All of this had not gone
unnoticed by the rest of the unit including some Senior NCO’s and
even a few officers. We being the central characters
could only repeat what we had been told. However
nobody was going to leave it at that. Our sister unit in Nui Dat was
104 Signal Squadron and they routinely sent parties down to VungTau
for rest, scrounging and general nefarious activities. The first
time one of them turned up in our boozer (The Sand Bagers Inn, what
else?), we resolve to pump him full of booze inwards and information
outwards. Lucky for us the first one we tried was one of the guys
who happened to know there were secret units out there. He
explained that we had a monitoring party operating from NuiDat and
he thought the operated some non standard radios as they had been
asked for parts at various times. This was not the whole story of
course but we resolved to stick with it . Various parties came to
rest in our boozer (no pun intended) and it took about three more
weeks to eventually put the story together.
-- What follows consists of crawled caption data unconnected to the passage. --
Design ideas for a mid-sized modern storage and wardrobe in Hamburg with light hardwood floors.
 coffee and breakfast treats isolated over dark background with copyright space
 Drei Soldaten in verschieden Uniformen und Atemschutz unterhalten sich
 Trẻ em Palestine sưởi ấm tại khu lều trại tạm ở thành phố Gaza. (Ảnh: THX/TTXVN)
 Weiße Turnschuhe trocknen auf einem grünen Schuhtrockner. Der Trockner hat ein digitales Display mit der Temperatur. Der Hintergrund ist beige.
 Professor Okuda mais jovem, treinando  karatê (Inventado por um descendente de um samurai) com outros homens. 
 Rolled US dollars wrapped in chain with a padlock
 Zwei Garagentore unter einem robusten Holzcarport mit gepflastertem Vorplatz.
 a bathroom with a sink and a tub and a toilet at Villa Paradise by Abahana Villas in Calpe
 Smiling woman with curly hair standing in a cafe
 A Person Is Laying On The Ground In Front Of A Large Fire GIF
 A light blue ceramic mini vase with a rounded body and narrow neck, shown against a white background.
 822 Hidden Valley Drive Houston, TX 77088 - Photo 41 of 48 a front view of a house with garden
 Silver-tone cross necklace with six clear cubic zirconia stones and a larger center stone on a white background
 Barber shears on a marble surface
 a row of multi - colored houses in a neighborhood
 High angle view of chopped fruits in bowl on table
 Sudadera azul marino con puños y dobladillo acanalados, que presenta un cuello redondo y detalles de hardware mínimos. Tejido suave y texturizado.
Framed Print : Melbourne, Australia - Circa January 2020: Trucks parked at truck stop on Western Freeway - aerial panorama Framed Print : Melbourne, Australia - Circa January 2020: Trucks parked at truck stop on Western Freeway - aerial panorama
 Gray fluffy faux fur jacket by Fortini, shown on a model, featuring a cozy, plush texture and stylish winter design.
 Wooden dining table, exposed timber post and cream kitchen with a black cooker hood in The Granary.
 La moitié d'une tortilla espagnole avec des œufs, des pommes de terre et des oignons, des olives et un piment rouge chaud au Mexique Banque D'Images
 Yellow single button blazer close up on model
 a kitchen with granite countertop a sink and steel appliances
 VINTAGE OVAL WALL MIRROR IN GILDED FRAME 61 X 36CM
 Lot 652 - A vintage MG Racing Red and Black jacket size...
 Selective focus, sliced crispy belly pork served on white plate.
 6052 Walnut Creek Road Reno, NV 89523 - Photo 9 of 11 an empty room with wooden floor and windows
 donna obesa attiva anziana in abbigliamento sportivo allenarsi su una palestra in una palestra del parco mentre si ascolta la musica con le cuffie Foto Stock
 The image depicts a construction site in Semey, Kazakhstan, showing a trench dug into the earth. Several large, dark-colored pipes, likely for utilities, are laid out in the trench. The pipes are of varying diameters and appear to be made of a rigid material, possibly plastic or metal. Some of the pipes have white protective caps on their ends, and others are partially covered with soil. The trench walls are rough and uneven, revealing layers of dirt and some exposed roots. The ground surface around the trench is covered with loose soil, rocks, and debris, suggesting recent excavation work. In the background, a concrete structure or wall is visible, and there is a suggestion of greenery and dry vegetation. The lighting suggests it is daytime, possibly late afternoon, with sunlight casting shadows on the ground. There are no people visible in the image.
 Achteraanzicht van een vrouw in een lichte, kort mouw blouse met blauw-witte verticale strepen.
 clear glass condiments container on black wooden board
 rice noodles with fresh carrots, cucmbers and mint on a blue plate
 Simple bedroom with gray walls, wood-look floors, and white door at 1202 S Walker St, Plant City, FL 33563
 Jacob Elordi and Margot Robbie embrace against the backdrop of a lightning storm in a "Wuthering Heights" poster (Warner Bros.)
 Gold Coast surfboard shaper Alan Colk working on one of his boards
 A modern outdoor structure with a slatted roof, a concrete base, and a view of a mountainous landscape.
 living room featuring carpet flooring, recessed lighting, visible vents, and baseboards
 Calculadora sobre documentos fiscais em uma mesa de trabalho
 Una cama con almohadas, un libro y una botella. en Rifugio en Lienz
It turns out that there is a
secret unit up there they are operating radio direction finders and
as it happened an early type of computer to resolve the direction of
the receiving antenna onto a bearing to the (enemy) transmitting
station. This bloody signal was what all computer
pukes these days would recognise as a program upgrade. We
quite correctly identified it as a private code, which it was, and
as a consequence delayed a very important message. It
didn’t occur to these berks to put a heading line in the text to say
something to the operators like ‘the following text is to be passed
unchanged’ or something like that, no that would have revealed their
units identity and perhaps what they were doing, well that plan
didn’t work very well did it.
Our shift started up again
and we heard nothing more about the signal despite the fact that any
other signal that got delayed then the offending shift was very
quickly matted. As postscript we technicians got used
to the tape deck and there were some conversations that were serious
breaches of security. However I wouldn’t put it past
that lot to have their mates generate some so as to keep us guessing
they were that type of loveable blokes. Maybe as a
consequence of their activities and reconnaissance patrols there was
a series of B52 raids on the Long Hai Hills.